Je suis bien content d'avoir de vos nouvelles et des bonnes.

Je vous vois d'ici transportée par quelque passion... Et ce goût nouveau pour l'Angleterre d'où vous vient-il ?

Je rentre d'Amérique atrocement sonné en des circonstances tout à fait burlesques.

Toujours à Vaugirard alors ?

Les maisons aussi c'est cocu.

 

Be good !

Destouches.


1 Le laboratoire La Biothérapie.

2 Dans le texte de la N.R.F. (page 557), on trouve « la littéraire » (lecture erronée).

3 Le texte de la N.R.F. donne « écrirai » (lecture erronée).

4 Texte de la N.R.F. : « J'ai encore 4 ans de vacances. »

5 Texte de la N.R.F. : « Je vais partir début 5 août. »

6 S'il s'agit du 15 août, ce mot illisible, sans doute un nom de lieu, pourrait être « Carteret », car le 15 août 1934 Céline envoie à Louise Nevelson une carte postale dont le cachet de la poste est de Carteret-Carentan. C'est probablement Louise Nevelson qui provoque la remarque sur les circonstances tout à fait burlesques de la rentrée de Céline en France après son voyage en Amérique.

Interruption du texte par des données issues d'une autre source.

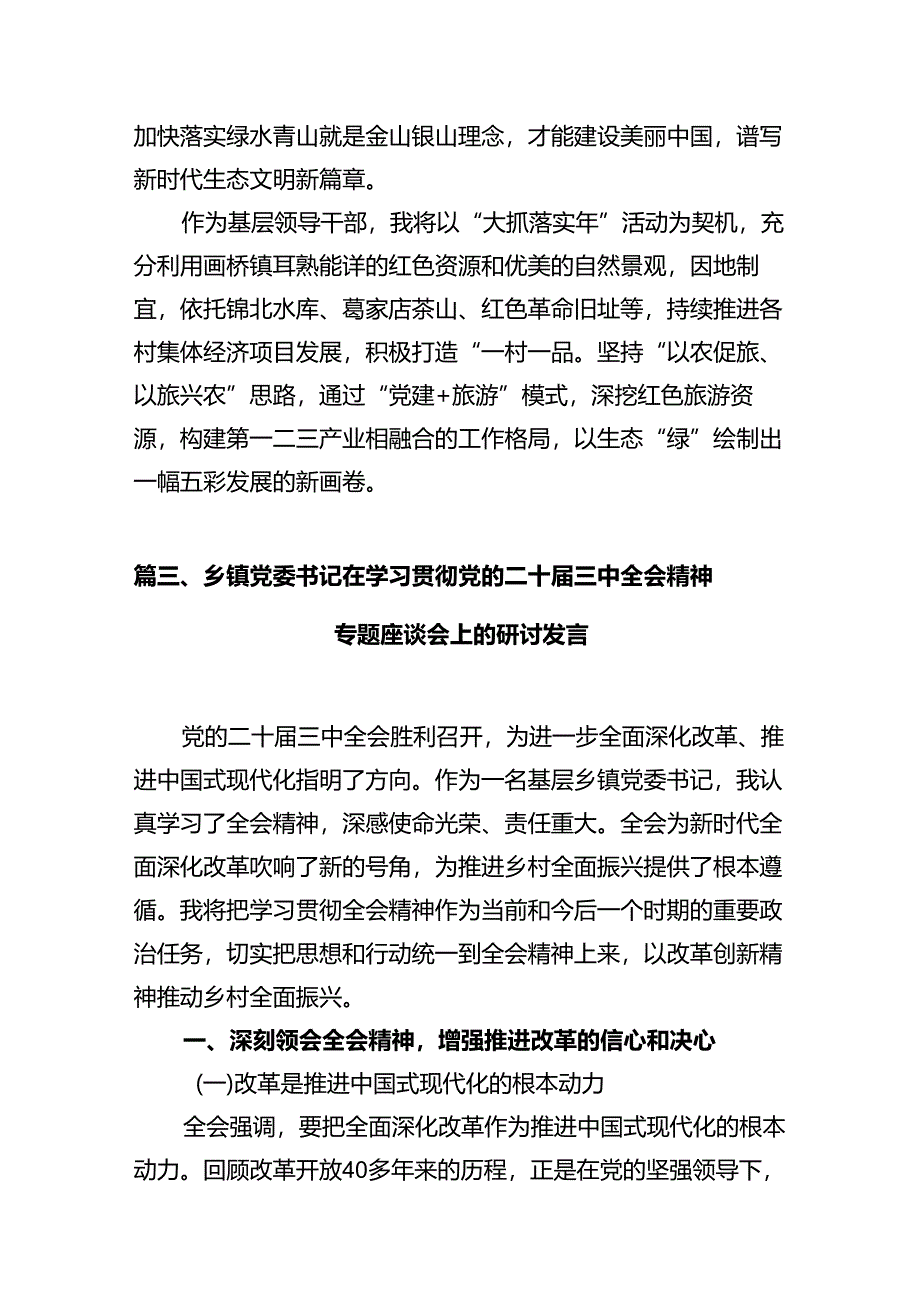 乡党委书记学习贯彻党的二十届三中全会精神心得体会10篇专题资料.docx_第3页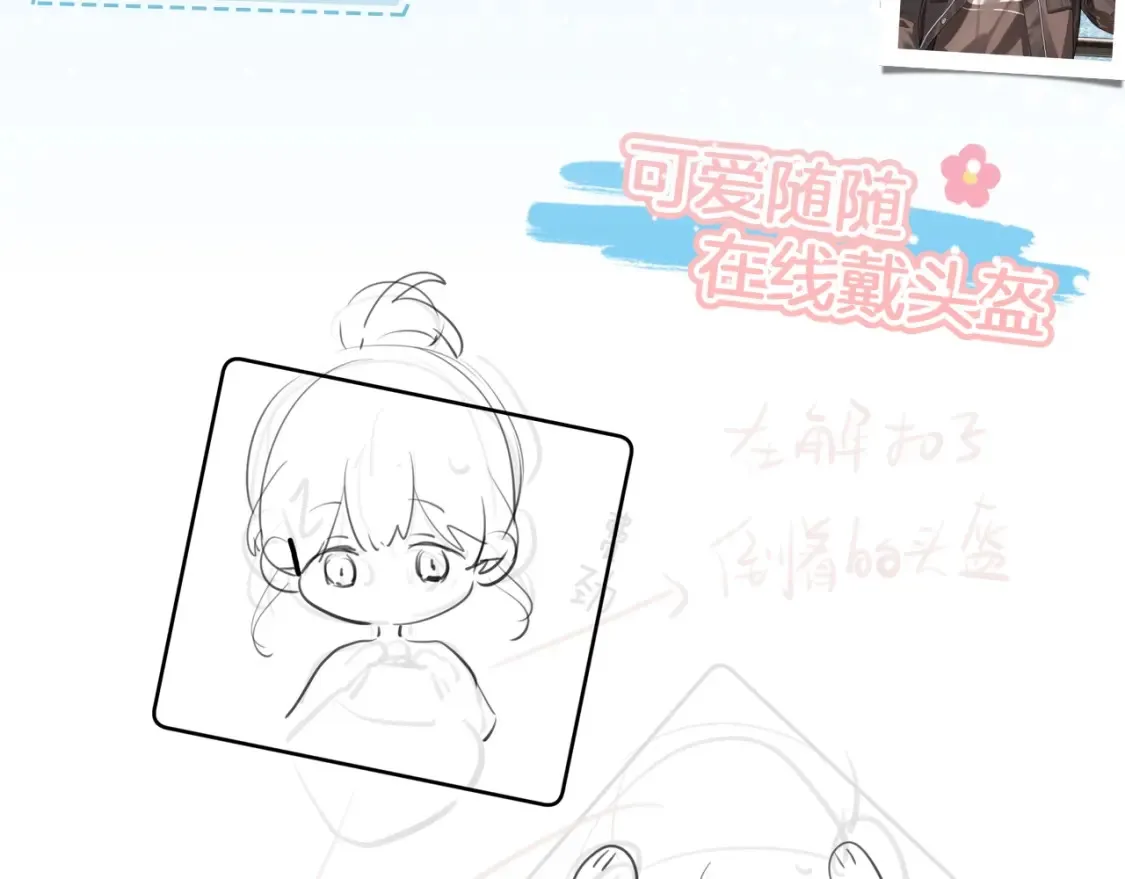 告白路透社 第二期1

Dans son livre Dawns and Dusks (New York, Scribners, 1976), cette artiste américaine dont la sculpture est maintenant célèbre, raconte comment elle a rencontré Céline sur le bateau Liberté. Elle aurait revu Céline plus tard à New York (donc en 1937) et elle affirme que, bien qu'ils n'aient jamais eu de rapports intimes, il lui a demandé de l'épouser. Ce qu'elle a refusé, mais elle avoue que Céline exerçait une grande fascination sur elle : elle évoque un homme brillant, égocentrique, totalement amer, que rien au monde ne pouvait apaiser mais qui avait néanmoins une grande compréhension de l'humanité.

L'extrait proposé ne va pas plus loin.